The two wisdom sentences you should follow regarding this matter are:
Don’t bite off more than you can chew, or, expressed in a more matter-related way: don’t use more social platforms than you can handle.
The truth is that it is far more beneficial to dominate a few social platforms than to be mediocre on a lot of them.
Unless you’re as huge as Adidas, you shouldn’t have a social media account dedicated for every single part about your business, across every single social media platform you can find.
Instead, you should pick out the top platforms that are related to your core business and go all in on those.
What should you think about when choosing social media platforms?
There’s really one major question you need to ask yourself when deciding social platforms, and then 2 more additional questions you can use to get a more accurate answer.

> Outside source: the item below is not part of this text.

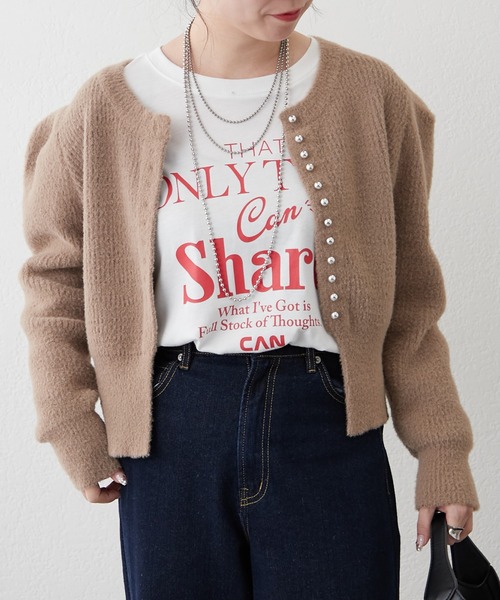 Remind me and forever（リマインドミーアンドフォーエバー）の「メタル釦フェザーカーディガン（カーディガン/ボレロ・レディース・アイボリー/ブラック/レッド/ブラウン・FREE）」の16枚目の写真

That question is: Where is my target audience to be found?
In other words, where is my audience spending the most time?
In case you didn’t know, the user demographics vary across platforms. Pinterest, for example, has a majority of female users Therefore, if females aren’t your target audience, then the platform might not be for you, as you’ll be better off using another platform that lets you reach your audience better. Before you decide on a platform, look at its user demographics and if it aligns with the people you are trying to reach.
The second question you can ask is “What type of content do i want to produce?”
This question depends a lot on what message you want to convey, what resources you have, and how you want to present your brand.
Dollar shave club, for example went all in on YouTube and creating videos that appealed to their target audience. That’s because longer videos let them convey their message better, in a way that other social platforms wouldn’t allow them to do.
The result was a huge success for them. going viral, to boasting millions of views on their videos.
Conclusion
Social media mistakes hide around every corner on social media.
Some are common mistakes that don’t hurt you very much, but are slowing you down from reaching your goals. Other are tremendously harmful, completely putting your social media efforts out of balance.
The most important part to avoiding mistakes on social media is being aware of them. Be aware and you’ll commit fewer mistakes during your social media work.